Dans l'espoir de rendre la mode "plus size" aussi attractive et riche que sa version taille 34, une poignée de professionnels de ce tout jeune secteur tentent de le dépoussiérer.
Dans l'arrière-salle d'un hôtel marseillais, Hard Out there, la chanson de Lily Allen, s'échappe de la sono. Pendant que la chanteuse britannique dénonce en musique la pression exercée sur les femmes pour se conformer aux diktats de la minceur ("si tu ne fais pas du 34, alors tu es moche", chante-t-elle, sarcastique), Blanche Kazi, elle aussi donne de la voix : "CANDIDATE SUIVANTE, S'IL VOUS PLAIT !", lance la fondatrice de la Pulp Fashion Week. Le jury, composé de cinq organisateurs ou partenaires de ce rendez-vous dédié à la mode grande taille, a fait un saut samedi 28 février dans la cité phocéenne. Organisée les 11 et 12 avril à Paris, la "Pulp", comme disent les initiés, est un évènement jeune (trois ans), encore modeste, mais ambitieux. A l'image de l'industrie qu'il entend promouvoir.

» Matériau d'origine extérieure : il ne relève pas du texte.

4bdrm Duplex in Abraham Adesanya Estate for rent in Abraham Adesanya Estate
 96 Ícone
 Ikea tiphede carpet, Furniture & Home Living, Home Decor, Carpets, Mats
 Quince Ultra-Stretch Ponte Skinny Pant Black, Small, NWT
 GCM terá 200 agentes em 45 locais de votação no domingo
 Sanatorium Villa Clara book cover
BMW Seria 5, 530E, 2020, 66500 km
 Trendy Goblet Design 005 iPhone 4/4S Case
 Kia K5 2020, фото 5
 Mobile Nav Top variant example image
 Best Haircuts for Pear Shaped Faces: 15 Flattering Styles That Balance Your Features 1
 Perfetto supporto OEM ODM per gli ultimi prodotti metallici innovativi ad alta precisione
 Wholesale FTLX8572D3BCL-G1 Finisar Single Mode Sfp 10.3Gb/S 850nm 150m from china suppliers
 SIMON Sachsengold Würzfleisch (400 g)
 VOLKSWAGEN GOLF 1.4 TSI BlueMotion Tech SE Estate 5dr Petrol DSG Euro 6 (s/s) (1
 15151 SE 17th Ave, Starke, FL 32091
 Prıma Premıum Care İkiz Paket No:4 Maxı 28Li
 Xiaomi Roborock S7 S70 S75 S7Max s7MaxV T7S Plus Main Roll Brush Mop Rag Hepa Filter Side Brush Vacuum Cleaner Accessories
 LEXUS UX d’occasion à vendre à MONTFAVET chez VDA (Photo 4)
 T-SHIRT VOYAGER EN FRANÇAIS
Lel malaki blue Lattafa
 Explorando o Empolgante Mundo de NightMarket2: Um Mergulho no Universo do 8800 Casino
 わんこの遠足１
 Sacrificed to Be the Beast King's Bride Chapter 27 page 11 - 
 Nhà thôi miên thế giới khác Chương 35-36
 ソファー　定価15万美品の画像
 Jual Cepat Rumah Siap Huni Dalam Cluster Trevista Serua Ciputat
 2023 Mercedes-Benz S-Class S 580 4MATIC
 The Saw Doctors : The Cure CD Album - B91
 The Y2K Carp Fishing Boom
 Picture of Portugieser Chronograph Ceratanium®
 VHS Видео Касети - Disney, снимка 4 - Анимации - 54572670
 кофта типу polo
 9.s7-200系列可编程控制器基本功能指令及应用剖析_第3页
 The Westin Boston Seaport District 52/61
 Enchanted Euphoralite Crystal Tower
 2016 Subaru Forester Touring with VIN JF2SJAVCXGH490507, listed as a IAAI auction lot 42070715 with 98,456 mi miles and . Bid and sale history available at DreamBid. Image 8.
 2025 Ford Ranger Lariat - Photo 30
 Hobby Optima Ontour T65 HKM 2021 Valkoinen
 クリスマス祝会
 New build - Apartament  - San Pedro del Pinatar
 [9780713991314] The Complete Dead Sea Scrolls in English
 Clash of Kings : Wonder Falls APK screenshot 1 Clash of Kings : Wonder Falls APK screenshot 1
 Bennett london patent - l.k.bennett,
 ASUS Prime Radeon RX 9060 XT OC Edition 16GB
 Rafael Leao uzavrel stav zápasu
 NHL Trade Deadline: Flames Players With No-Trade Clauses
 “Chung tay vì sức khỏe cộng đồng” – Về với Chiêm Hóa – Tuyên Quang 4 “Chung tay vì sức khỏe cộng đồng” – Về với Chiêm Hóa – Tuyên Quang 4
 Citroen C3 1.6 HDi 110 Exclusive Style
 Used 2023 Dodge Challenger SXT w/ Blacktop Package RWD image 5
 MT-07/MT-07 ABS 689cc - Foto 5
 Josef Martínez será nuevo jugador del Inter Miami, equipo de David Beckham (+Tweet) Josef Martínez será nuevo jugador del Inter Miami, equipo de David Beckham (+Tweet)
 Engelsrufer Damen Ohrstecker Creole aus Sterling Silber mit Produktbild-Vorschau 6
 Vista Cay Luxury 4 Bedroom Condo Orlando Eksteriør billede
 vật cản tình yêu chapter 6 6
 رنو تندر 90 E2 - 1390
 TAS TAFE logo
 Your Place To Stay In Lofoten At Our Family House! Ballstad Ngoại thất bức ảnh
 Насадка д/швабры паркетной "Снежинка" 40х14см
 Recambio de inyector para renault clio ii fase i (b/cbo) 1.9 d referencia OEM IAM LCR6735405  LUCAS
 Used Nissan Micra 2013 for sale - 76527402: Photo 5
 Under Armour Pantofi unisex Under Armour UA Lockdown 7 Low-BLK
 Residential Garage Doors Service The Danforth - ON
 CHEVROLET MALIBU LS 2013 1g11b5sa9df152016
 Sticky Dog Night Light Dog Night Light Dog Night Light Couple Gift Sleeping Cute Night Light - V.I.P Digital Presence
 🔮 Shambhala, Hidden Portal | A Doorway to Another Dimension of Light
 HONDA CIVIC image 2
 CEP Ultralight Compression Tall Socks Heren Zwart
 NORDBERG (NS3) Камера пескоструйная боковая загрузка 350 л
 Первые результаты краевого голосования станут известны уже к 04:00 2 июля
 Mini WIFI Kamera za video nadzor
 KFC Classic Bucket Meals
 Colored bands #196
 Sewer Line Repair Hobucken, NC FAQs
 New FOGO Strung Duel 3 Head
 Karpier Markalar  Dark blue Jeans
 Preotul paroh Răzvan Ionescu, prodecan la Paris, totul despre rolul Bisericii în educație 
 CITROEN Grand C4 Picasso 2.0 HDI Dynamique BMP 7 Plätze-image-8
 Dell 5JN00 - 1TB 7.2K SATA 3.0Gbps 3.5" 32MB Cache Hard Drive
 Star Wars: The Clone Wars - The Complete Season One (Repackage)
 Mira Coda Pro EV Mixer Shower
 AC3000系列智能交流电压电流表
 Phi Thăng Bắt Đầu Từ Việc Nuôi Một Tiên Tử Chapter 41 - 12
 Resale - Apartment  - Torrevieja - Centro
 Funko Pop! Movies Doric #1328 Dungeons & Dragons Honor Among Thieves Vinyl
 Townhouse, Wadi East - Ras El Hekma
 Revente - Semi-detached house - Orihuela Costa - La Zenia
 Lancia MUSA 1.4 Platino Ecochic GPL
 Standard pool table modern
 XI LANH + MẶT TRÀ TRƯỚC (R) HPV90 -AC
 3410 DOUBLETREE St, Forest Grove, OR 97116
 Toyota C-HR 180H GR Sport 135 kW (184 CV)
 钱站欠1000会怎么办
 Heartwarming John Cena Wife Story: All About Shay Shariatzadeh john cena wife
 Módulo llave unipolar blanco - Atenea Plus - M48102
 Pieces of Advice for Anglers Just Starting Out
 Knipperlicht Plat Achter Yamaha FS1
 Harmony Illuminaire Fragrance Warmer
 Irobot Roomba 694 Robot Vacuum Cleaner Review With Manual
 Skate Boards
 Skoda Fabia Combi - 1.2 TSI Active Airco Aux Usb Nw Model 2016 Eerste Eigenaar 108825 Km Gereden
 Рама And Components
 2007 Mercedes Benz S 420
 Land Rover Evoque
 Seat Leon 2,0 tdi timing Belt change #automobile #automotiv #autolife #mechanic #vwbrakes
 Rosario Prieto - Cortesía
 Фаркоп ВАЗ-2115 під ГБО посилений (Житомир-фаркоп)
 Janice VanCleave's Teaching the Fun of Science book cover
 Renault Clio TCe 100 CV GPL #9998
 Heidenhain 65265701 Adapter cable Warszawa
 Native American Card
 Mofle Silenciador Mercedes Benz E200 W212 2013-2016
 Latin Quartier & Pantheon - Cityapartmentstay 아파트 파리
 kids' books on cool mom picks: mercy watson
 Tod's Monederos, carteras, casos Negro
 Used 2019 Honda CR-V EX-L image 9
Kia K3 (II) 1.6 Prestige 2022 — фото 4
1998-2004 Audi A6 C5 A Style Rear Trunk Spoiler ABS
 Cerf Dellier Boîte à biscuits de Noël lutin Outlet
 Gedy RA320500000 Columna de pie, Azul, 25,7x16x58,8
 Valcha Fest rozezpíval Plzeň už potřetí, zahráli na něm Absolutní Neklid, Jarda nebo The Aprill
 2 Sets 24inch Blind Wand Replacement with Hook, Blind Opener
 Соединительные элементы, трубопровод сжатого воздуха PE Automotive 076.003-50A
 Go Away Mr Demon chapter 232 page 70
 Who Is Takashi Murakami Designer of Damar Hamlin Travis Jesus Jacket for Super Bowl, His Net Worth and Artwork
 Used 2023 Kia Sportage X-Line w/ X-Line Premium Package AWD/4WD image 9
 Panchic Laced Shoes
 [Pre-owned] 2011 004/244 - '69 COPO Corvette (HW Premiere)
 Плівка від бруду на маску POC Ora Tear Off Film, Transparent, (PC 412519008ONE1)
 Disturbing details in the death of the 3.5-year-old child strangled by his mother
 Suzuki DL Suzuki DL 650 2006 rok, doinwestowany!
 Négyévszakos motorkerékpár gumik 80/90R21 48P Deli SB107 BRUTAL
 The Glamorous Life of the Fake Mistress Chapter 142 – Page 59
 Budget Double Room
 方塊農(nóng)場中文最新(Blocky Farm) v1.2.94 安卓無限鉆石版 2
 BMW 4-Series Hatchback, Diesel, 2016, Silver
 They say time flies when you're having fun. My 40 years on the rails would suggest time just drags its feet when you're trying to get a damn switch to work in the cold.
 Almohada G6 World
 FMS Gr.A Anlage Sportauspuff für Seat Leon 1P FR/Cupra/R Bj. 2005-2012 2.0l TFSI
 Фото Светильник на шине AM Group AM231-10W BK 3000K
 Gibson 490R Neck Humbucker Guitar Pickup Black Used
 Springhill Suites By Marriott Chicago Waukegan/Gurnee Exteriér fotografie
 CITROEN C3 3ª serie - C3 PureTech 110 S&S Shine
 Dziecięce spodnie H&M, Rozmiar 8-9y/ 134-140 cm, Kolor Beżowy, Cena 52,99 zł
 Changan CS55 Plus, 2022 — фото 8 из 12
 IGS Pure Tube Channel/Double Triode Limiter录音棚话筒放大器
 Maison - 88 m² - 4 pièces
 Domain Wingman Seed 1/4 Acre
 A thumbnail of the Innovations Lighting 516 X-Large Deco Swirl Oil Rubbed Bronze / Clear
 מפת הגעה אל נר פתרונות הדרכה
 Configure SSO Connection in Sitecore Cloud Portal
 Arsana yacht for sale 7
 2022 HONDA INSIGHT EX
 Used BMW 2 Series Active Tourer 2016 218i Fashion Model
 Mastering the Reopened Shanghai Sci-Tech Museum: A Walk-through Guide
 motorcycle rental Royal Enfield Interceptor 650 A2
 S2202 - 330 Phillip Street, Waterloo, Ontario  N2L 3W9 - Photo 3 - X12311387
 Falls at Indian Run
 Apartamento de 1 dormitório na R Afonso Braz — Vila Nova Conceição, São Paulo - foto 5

Vingt mannequins dites "plus size", soit du 40 (pas la peine de râler, c'est le barème en vigueur dans le milieu, même si la Française moyenne porte du 42) au 56, défileront pour une poignée de créateurs. Leur mission : faire rêver les fashionistas, glamouriser le monde de la grande taille et surtout, attirer les marques et les créateurs dans ce secteur longtemps méprisé par les professionnels de la mode. Bref, pas une mince affaire.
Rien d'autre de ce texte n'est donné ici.